Exercise materials: Begin
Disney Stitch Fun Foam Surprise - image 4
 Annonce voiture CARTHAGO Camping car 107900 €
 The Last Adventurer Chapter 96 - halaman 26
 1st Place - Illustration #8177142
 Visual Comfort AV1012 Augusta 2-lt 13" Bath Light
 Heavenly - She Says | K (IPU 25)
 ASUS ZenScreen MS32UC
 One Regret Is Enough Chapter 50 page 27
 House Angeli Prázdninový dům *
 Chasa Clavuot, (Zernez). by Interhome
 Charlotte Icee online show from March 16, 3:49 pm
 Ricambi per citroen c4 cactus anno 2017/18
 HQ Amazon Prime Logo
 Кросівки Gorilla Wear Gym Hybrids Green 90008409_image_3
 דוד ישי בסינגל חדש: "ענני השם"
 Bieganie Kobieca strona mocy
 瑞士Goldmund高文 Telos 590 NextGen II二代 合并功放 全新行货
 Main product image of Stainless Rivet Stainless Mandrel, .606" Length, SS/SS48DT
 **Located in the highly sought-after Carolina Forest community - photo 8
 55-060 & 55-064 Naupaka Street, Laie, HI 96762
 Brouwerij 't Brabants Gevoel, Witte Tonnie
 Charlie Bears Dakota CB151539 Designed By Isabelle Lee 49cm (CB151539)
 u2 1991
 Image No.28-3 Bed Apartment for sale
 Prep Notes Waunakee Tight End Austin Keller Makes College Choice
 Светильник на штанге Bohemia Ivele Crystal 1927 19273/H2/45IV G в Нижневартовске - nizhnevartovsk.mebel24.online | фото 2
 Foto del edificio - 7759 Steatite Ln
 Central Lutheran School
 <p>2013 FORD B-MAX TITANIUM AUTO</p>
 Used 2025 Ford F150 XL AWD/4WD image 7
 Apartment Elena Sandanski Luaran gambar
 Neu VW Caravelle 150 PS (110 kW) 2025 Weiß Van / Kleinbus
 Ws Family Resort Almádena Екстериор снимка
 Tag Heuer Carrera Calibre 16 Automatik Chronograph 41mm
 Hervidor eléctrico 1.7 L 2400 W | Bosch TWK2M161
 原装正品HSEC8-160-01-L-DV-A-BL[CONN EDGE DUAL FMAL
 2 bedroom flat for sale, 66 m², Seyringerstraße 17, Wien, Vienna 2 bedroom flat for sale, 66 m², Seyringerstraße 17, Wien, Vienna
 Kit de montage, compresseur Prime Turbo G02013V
Exercise materials: End
What the task asks: Everything above from the line with "Кросівки Gorilla Wear" to the line with "55-060 & 55-064", both included, must be repeated exactly, and nothing outside that range.

Solution to this task:
 Кросівки Gorilla Wear Gym Hybrids Green 90008409_image_3
 דוד ישי בסינגל חדש: "ענני השם"
 Bieganie Kobieca strona mocy
 瑞士Goldmund高文 Telos 590 NextGen II二代 合并功放 全新行货
 Main product image of Stainless Rivet Stainless Mandrel, .606" Length, SS/SS48DT
 **Located in the highly sought-after Carolina Forest community - photo 8
 55-060 & 55-064 Naupaka Street, Laie, HI 96762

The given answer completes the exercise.